Lord Jesus, if my attention strays and I don’t recognize you, please call me by name and draw me again into a saving connection with you as my risen Savior. Amen.
(Donna first wrote this Insights blog in March, 2016. You may not have been a GPS subscriber then--but even if you were, it's worth reading again.)
As someone who is a bit over the top competitive, I smile at the way John describes this scene. Twice, he points out who arrived first at the tomb: “the other disciple ran faster…” and “…the one who had arrived at the tomb first…” Perhaps you recall in earlier scenes (described in Matthew’s, Mark’s and Luke’s gospels) when Jesus caught the disciples arguing over which of them was greatest. And at one point they flat out asked Jesus, “Who is the greatest in the kingdom of heaven?” Perhaps each was hoping for the coveted trophy. Yet Jesus responded, “Whoever is least among you all is the greatest.” (In this day of “all I do is win, win, win – no matter what!” that’s not the answer many of us may be looking for.)
Back to our scene at the tomb. I do love that it was Mary Magdalene who really was there first – did I mention my competitive nature? But when Peter and the other disciple heard her news of the empty tomb, they took off running to see. I find myself duplicating their behavior at times. So eager am I to know Jesus – to get close to him – that I just cannot run fast enough toward him. But something stopped this disciple when he got to the tomb’s entrance: “…he didn’t go in.” His eagerness to run hard and fast may suddenly have turned to fear once he got there, so he hesitated. Wait – what does this mean if the tomb is empty? What will be required of me with this discovery? I’m just really not sure I want to go there!

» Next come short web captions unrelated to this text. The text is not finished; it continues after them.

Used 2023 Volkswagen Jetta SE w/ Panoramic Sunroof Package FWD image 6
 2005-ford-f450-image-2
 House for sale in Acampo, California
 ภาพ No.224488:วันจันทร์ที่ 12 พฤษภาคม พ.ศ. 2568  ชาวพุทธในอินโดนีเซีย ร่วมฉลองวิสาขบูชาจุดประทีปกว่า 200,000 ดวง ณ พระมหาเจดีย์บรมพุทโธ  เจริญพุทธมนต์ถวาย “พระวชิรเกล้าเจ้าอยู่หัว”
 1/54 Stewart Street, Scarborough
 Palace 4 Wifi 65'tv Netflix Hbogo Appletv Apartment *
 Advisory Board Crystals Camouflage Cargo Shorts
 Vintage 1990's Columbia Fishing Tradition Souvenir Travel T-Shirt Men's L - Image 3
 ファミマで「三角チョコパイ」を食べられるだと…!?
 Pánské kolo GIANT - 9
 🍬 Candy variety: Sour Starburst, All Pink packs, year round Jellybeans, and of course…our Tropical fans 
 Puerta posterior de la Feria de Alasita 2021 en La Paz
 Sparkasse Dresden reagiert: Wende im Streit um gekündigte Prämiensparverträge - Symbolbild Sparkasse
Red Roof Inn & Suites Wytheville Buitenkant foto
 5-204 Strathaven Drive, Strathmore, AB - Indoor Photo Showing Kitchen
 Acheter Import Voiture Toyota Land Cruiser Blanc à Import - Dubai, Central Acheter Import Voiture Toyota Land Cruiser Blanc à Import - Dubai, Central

Yes, I run fast toward Jesus my teacher, my friend, my savior. But my sacrificed King? – what is that gonna require of me?! Sounds messy and complicated. I don’t think I can do this…
I stop and I don’t go in.
Blessedly, as this disciple had Peter, we have others to help us press on when we hesitate to enter the tomb and fully embrace what has happened. And we have a God who gives us chance after chance to get it right.
This Easter, let us run fast to the tomb – let us go in and find it empty. Let its emptiness fill us with the courage to follow a sacrificed King. Because he is also a risen King. And one worth running to.